Input material Start Marker

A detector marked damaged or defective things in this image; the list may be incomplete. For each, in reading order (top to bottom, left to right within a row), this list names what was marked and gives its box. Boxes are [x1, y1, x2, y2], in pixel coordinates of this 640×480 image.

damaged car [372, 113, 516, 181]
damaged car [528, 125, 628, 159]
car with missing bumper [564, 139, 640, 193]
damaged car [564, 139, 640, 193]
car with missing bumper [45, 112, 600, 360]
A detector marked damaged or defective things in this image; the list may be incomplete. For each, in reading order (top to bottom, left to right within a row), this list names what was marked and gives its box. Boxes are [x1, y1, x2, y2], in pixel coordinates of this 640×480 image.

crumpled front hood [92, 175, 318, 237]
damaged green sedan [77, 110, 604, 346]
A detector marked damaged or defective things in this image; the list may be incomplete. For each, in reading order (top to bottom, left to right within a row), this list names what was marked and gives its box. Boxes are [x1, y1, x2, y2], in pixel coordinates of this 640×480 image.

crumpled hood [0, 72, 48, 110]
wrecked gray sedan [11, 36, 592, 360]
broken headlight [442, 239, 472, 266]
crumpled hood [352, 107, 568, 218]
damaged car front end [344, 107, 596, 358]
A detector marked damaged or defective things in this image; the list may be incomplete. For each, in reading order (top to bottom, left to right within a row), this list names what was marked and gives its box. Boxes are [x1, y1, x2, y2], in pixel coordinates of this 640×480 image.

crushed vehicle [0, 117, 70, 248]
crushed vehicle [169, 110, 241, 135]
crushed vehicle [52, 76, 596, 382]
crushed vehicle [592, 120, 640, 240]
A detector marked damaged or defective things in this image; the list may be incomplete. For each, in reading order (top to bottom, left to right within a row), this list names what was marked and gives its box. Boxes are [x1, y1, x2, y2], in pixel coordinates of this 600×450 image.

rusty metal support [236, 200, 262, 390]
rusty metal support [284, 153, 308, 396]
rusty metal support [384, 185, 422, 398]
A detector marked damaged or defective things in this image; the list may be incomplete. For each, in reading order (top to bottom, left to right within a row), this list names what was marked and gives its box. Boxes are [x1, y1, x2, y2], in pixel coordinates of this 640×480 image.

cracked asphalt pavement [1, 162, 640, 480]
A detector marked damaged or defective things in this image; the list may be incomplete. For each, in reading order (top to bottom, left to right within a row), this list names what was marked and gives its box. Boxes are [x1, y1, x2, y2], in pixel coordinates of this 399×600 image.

Input material End Marker

-- What you have to do --
Your task is to transcribe exactly the lines from the one with "this 600×450 image." through the end of the data, both included, and nothing besides.

-- Exercise output --
A detector marked damaged or defective things in this image; the list may be incomplete. For each, in reading order (top to bottom, left to right within a row), this list names what was marked and gives its box. Boxes are [x1, y1, x2, y2], in pixel coordinates of this 600×450 image.

rusty metal support [236, 200, 262, 390]
rusty metal support [284, 153, 308, 396]
rusty metal support [384, 185, 422, 398]
A detector marked damaged or defective things in this image; the list may be incomplete. For each, in reading order (top to bottom, left to right within a row), this list names what was marked and gives its box. Boxes are [x1, y1, x2, y2], in pixel coordinates of this 640×480 image.

cracked asphalt pavement [1, 162, 640, 480]
A detector marked damaged or defective things in this image; the list may be incomplete. For each, in reading order (top to bottom, left to right within a row), this list names what was marked and gives its box. Boxes are [x1, y1, x2, y2], in pixel coordinates of this 399×600 image.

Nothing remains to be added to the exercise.